Configuring incident correlation to detect similar incident clusters


After BMC Helix ITSM Insights is activated, Service Desk managers can use the Real-time incident correlation workspace to detect similar incident clusters and view emerging hotspots.

The system uses a set of default fields and settings for the Real-time incident correlation workspace. As a tenant administrator, you can change the incident correlation configuration based on your requirements. 

If your admin has updated your permissions in the hierarchical groups in BMC Helix ITSM, you must update the Real-time incident correlation configuration settings to view the clusters relevant to you.

If you have set up custom priority values, you must update the Real-time incident correlation configuration settings (except Similarity threshold) to view the updated custom priority details in the Real-time incident correlation dashboard. The algorithm takes at least six hours to display the newly added custom priority values in the Real-time incident correlation workspace.

Warning

Updating the similarity threshold value or the stop word file triggers the deletion of existing clusters.

Best practice for configuring changes

When you change the incident correlation configuration, all existing clusters are removed from the dashboard and the system performs the analysis again. This action might impact the analysis being carried out by any Service Desk managers or agents who are using the Real-time incident correlation dashboard for analysis.
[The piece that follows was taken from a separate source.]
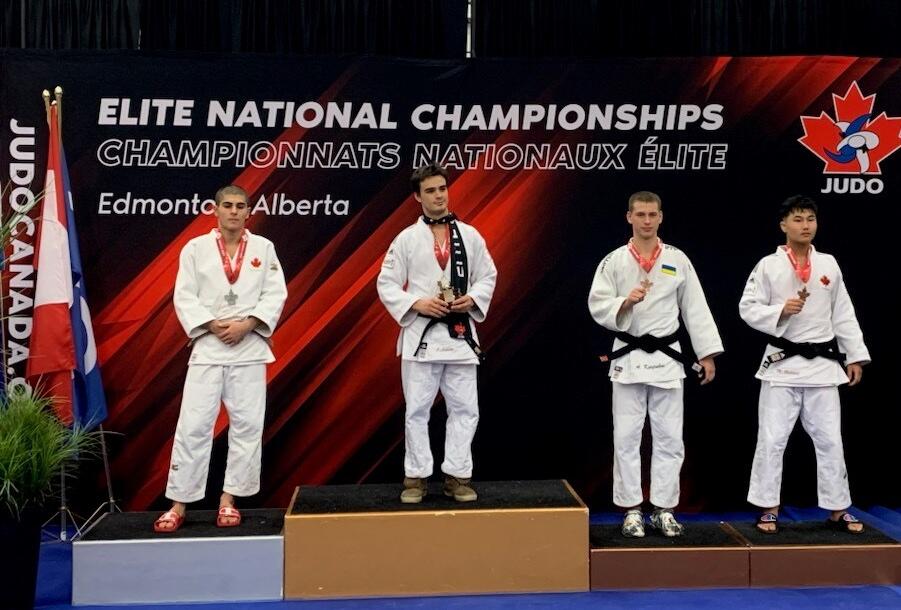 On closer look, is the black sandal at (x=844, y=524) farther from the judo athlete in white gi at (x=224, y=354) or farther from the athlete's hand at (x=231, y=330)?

We recommend that any configuration changes for incident correlation are done in off-hours so that the impact is minimal.
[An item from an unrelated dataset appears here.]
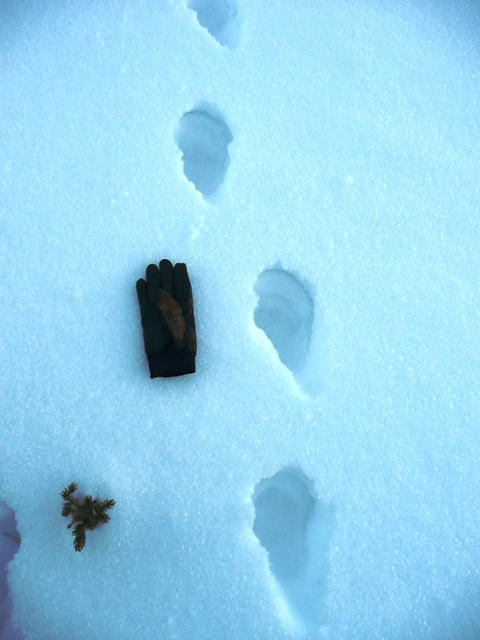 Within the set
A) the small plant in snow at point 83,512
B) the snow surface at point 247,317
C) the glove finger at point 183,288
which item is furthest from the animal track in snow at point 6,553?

Out-of-the-box configuration for incident correlation

BMC Helix ITSM Insightsuses a set of default fields and settings to display the clusters in the Real-time incident correlation dashboard. 

The following table describes this out-of-the-box configuration for incident correlation:

Fields

Default value

Default fields used by the system for incident correlation

  • Assignee
  • Assignee - Company (Assigned Support Company)
  • Assignee Support group (Assigned Group)
  • CI (HPD_CI)
  • Calculated priority (Priority)
  • City
  • Closed Date
  • Communication coordinator - Company (SV_ComCoord_SupportCompany)
  • Communication coordinator - Support group (SV_ComCoordSGP)
  • Company
  • Customer site (Site)
  • HPD_CI_ReconID
  • Impact
  • Incident Number
  • Incident type (Service Type)
  • InstanceId
  • Last Resolved Date
  • Major incident manager - Company (SV_MIM_Company)
  • Major incident manager - Support group (SV_MIM_SGP)
  • Operational category 1 (Categorization Tier 1)
  • Operational category 2 (Categorization Tier 2)
  • Operational category 3 (Categorization Tier 3)
  • Product Name
  • Product category 1 (Product Categorization Tier 1)
  • Product category 2 (Product Categorization Tier 2)
  • Product category 3 (Product Categorization Tier 3)
  • Region
  • Reported Date
  • Service (Service CI)
  • ServiceCI_ReconID
  • Site group (Site Group)
  • Status
  • Status_Reason_Hidden (Status_Reason)
  • Submit Date
  • Submitter
  • Summary (Description)
  • Total Time Spent
  • Urgency

The maximum number of days a cluster can stay open

7 days

Similarity threshold

7

Minimum number of incidents that a cluster should have
to be visible in the dashboard

5

Warning

High volume of data in the Description (Detailed Description) field may result in performance issues while generating clusters in ITSM Insights. 

Starting with version 23.3.00, the Description (Detailed Description) field is no longer a mandatory field. If you are already using this field to generate clusters, you can exclude it from the dataset manually.

Best practice
We recommend excluding the Description (Detailed Description) field from the configuration to improve the performance and turnaround time of generating clusters.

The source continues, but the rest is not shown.